# Bebother and confusticate these beards!



## Hobbit-GalRosie (Feb 22, 2009)

Well, I finally found as much of an answer as I'll ever get to the issue of Elven beards and the "third cycle" which is essentially none, but there remains another question.

In the TT movie Aragorn jokes about Dwarven women having beards, and I have oft wondered if this is true, and tended to assume it is, since Tolkien says I believe somewhere in Appendix F to LotR that female Dwarves were usually mistaken for men in the rare case of their traveling abroad because their manner and dress were so alike. I would hardly think this would be the case if they were conspicuously beardless. But was this ever overtly stated anywhere?

This keeps bothering me...both not knowing for sure and the fact that this is one of those areas where I don't know that my vision of mythological races matches up with the beloved Master's.


----------



## RangerStryder (Feb 22, 2009)

The Peoples of Middle-Earth : History of Middle Earth vol. XII
The Making of Appendix A pg. 285



> And that they have beards.


 

The War of the Jewels : History of Middle Earth vol.

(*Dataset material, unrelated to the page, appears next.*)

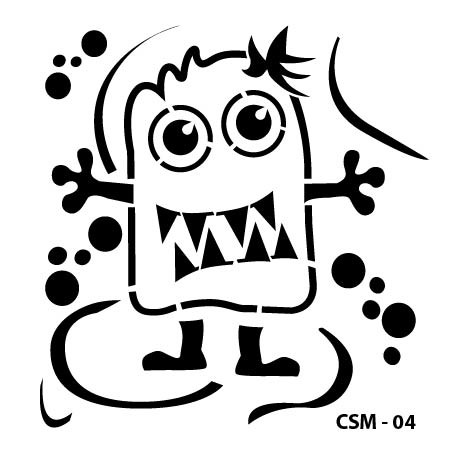 Kids Monster Stencil 15x15 CADENCE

XI
The LaterQuenta Silmarillion pg. 205



> For the Naugrim have beards from the beginning of their lives, male and female alike;


 
Hope this helps.


----------



## Bucky (Feb 23, 2009)

Funny I just asked that (I knew the answer) in a discussion I was running on another site...

Rangerstrider: I saw you on TCOE...

Tried to sign up, they never answered my e-mail.


----------



## Hobbit-GalRosie (Feb 23, 2009)

Durrrrrrrr, I remember that quote now that I see it. Why'd I go forgetting it so well? Oh well. That's one of life's little mysteries solved. Thanks RangerStryder.


----------